Atkins Diet
The Atkins diet is really called the Atkins nutritional approach. Dr. Robert Atkins invented this low-carb diet. He had gained a great deal of weight while he attended medical school. He read about this diet in the medical journal. He perfected it and released it to the public.
Atkins, in his Atkins Diet, believed prevailing theories about weight gain were all wrong. He held that saturated fats weren’t as bad as people claim. Instead it was carbohydrates that led to the weight problems Americans have. In fact Atkins thought that the focus on fats had made a problem much worse. Carbohydrates are used to make up for the lack of fat in low fat foods. That meant people on a diet often ate foods that were worse than they normally ate.
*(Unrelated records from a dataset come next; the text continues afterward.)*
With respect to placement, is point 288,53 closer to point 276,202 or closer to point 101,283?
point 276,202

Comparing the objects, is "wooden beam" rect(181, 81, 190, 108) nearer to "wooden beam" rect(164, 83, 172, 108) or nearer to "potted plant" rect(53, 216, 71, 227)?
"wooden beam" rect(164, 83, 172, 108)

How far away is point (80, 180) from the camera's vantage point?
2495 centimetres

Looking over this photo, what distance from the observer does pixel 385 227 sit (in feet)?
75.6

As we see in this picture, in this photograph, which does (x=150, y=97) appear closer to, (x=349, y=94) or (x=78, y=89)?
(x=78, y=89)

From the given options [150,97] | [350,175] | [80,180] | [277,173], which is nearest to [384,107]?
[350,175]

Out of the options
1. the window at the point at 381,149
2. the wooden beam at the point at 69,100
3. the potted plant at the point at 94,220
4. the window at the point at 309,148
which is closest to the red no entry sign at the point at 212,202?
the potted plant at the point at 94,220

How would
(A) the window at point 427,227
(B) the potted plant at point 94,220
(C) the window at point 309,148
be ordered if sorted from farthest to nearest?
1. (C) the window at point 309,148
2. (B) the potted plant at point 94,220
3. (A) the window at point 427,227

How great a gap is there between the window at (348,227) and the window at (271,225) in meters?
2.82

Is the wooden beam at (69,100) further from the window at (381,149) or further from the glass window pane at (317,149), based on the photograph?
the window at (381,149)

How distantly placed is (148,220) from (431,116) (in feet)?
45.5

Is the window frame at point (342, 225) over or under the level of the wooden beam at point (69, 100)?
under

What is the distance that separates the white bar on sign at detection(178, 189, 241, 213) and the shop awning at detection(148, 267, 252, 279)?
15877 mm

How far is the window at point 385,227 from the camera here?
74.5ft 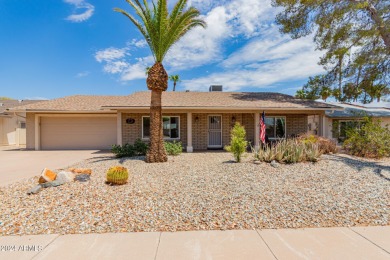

The Atkins diet shifts the focus. By cutting out carbohydrates people would burn stored body fats. That’s the goal of weight loss. The goal wasn’t necessarily to take in fewer calories. Now it was all about what your diet can help you burn. The Atkins diet supposedly burned an extra 950 calories everyday. But the claims were not true.
In addition to claims of weight loss, Dr. Atkins said his Atkins diet could help people with type 2 diabetes. Type 2 diabetes is most often associated with obesity. Weight loss associated with the Atkins diet, as with any diet, would therefore help people manage type 2 diabetes. Dr. Atkins also said that his Atkins diet would remove the need for medications such as insulin, because it severely cut down on carbohydrates which Atkins claimed were the major cause of type 2 diabetes. But that’s counter to the prevailing medical theories regarding type 2 diabetes which, although recommending that lowered intake of carbohydrates and weight loss help manage diabetes, ascribe no causal relationship between carbohydrates and type 2 diabetes.
What steps does one take to follow the Atkins diet? Induction, ongoing weight loss, pre-maintenance and lifetime maintenance are the four necessary phases of the diet. The details of the induction phase is as follows.
The Induction phase is the most difficult phase of the Atkins diet. This phase should be followed for a period of two weeks. During induction the dieter can consume only about 20 grams of carbohydrates on a day to day basis. The result of this phase should be ketosis, a metabolic reaction by which the body converts stored fat into fatty acids, generally prompted by a lack of glucose. Weight loss during this phase can be extreme – some Atkins followers reported losses of 5-10 pounds a week.
Learning the ideal carbohydrate levels for weight losing and for day to day intake after the weight loss ends are the purposes of the final three phases in the Atkins diet. Millions of people are still losing weight on this diet – but beware the dangers of taking in too much fat.